Amanda Gorman '20, the first Youth Poet Laureate of the United States, is pictured in Harvard Yard at Harvard University. Stephanie Mitchell/Harvard Staff Photographer

di Alberto Colombelli

In un giorno da libri di storia, Amanda Gorman ha consegnato una poesia che ha più che incontrato il momento. I giovani come lei sono la prova che ‘c’è sempre luce, se solo siamo abbastanza coraggiosi da vederla; se solo siamo abbastanza coraggiosi da esserlo’.” (Barack Obama, 20 gennaio 2021)

Amanda Gorman, è l’audacia della speranza che si rinnova. Nata a Los Angeles, in California, nel 1998, e cresciuta dalla madre single, l’insegnante di inglese Joan Wicks insieme ai suoi due fratelli e sorelle, ha una sorella gemella di nome Gabrielle, a sua volta attivista. Da bambina le è stato diagnosticato un disturbo dell’elaborazione uditiva (sindrome di King-Kopetzky), ed è ipersensibile al suono. Ha anche problemi di articolazione del discorso che le rendono difficile pronunciare determinate parole e suoni, come la lettera “r”.

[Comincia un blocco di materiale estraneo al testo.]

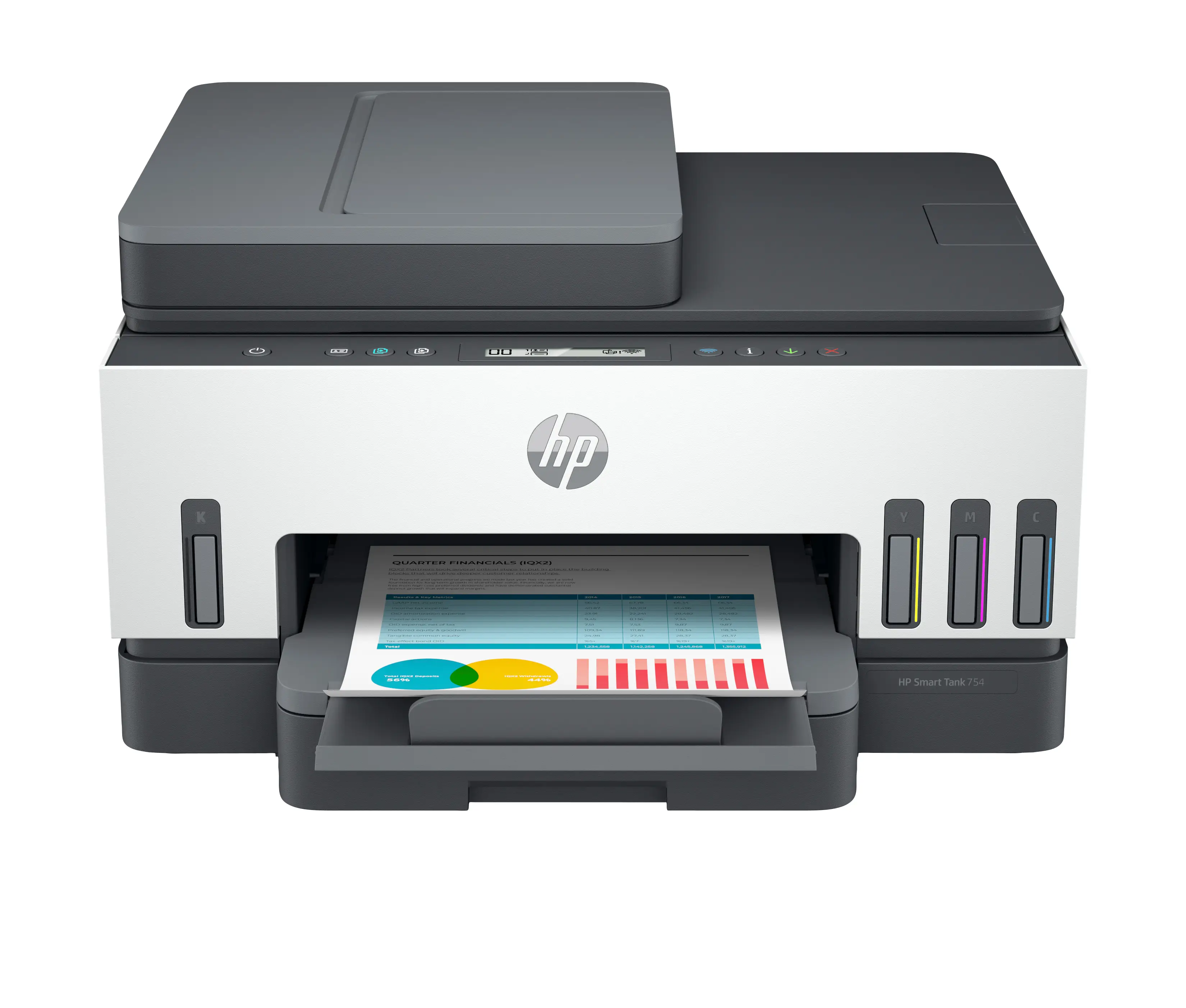 HP Smart Tank 754 All-in-One Printer 2H0A6A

Ha lottato nella vita, ma soprattutto ha creduto. Nei suoi talenti, in una società migliore, nella sua capacità di potervi contribuire. A 16 anni è diventata delegata giovanile alle Nazioni Unite e nel 2017 è stata la prima vincitrice del titolo di National Youth Poet Laureate, che premia il migliore giovane talento nel campo della poesia degli Stati Uniti. La poesia di Amanda Gorman tratta in particolare i temi dell’oppressione, il femminismo, il razzismo, l’emarginazione e la diaspora africana.

Con coraggio li affronta, partendo dalle discriminazioni che ha visto e subito, pensando che si può lottare contro quella che da tempo rivendico essere la più grave tra tutte le diseguaglianze, quella di destino, che in base alla tua nascita determina le tue opportunità e il tuo futuro. Ne è consapevole al punto che in giovanissima età ha fondato un’organizzazione no profit chiamata One Pen One Page per fornire programmi di scrittura creativa e la possibilità di pubblicare i propri lavori a giovani svantaggiati.

Come tutti abbiamo visto il 20 gennaio scorso è stata scelta per leggere una sua poesia, intitolata The Hill We Climb, in occasione della cerimonia di insediamento del nuovo Presidente americano Joe Biden. È diventata così la più giovane poetessa a recitare una sua poesia ad una cerimonia di insediamento. In passato Maya Angelou aveva declamato i propri versi in occasione dell’insediamento di Bill Clinton, mentre Robert Frost aveva partecipato alla cerimonia di investitura di John Fitzgerald Kennedy.

Eppure, l’alba è nostra, prima ancora che possiamo accorgercene. In qualche modo, ce l’abbiamo fatta. In qualche modo, abbiamo resistito e siamo stati testimoni di come questa Nazione non sia spezzata, ma, semplicemente, incompiuta. Noi, gli eredi di un Paese e di un’epoca in cui una magra ragazza afroamericana, discendente dagli schiavi e cresciuta da una madre single, può sognare di diventare Presidente, per sorprendersi poi a recitare all’insediamento di un altro”. (Amanda Gorman, Washington, D.C., 20 gennaio 2021)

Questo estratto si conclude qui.